* Exercise goal
Transcribe the whole listing exactly, but do not carry over its pictures.
**** Information shown
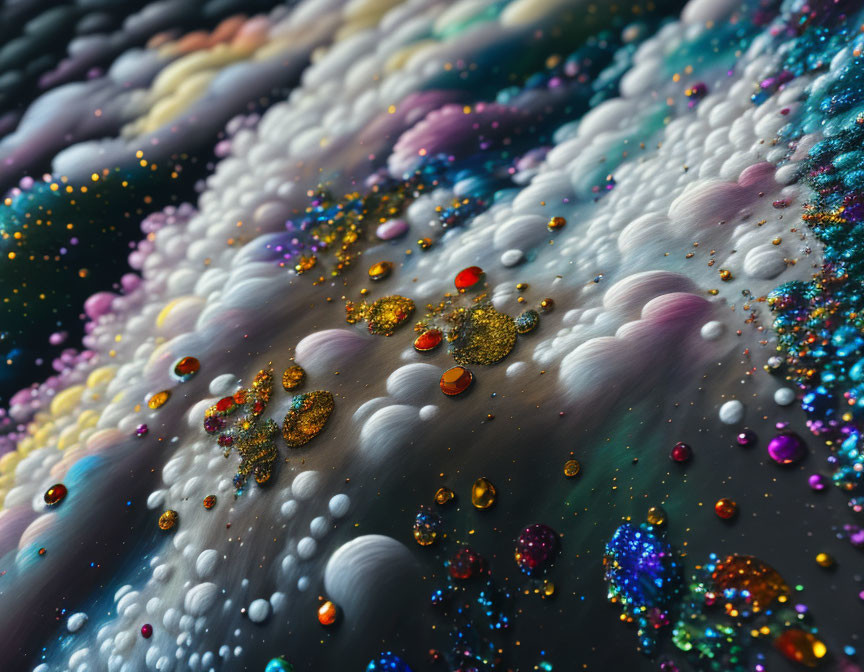 Vibrant macro shot of mixed paint with glossy bubbles and glitter swirls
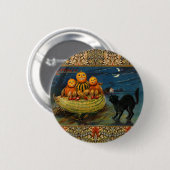  Halloween pompoenen Black Cat Ronde Button 5,7 Cm (Voorkant /achterkant)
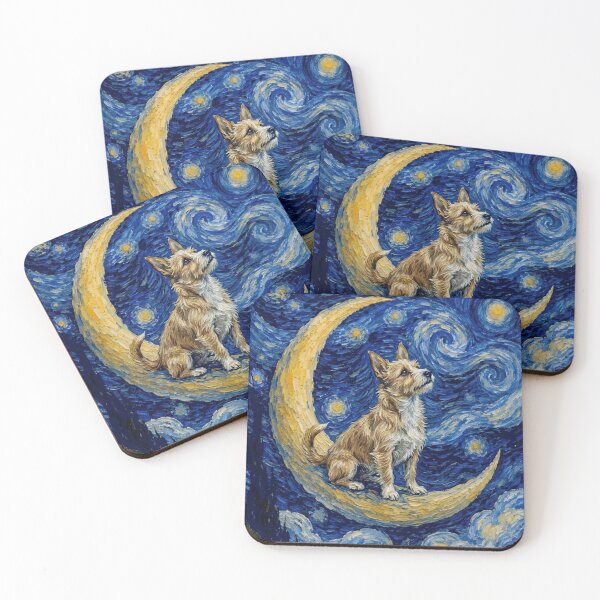 Item preview, Funny Portuguese Podengo Pequeno Starry Night Painting Cute Moon Stars Mom Dad Kids designed and sold by FurryHavenPH.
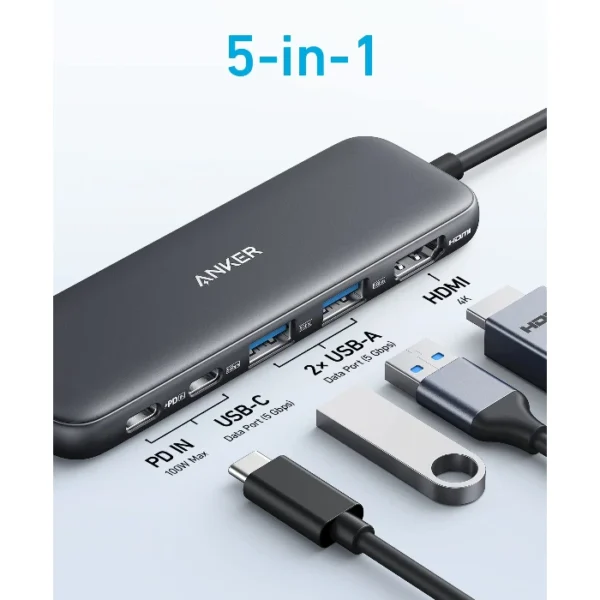 Anker 332 USB-C Hub (5-in-1) — Hub 5 puertos | USB-C | 85W - Imagen 3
********
* Finished exercise
 Vibrant macro shot of mixed paint with glossy bubbles and glitter swirls
  Halloween pompoenen Black Cat Ronde Button 5,7 Cm (Voorkant /achterkant)
 Item preview, Funny Portuguese Podengo Pequeno Starry Night Painting Cute Moon Stars Mom Dad Kids designed and sold by FurryHavenPH.
 Anker 332 USB-C Hub (5-in-1) — Hub 5 puertos | USB-C | 85W - Imagen 3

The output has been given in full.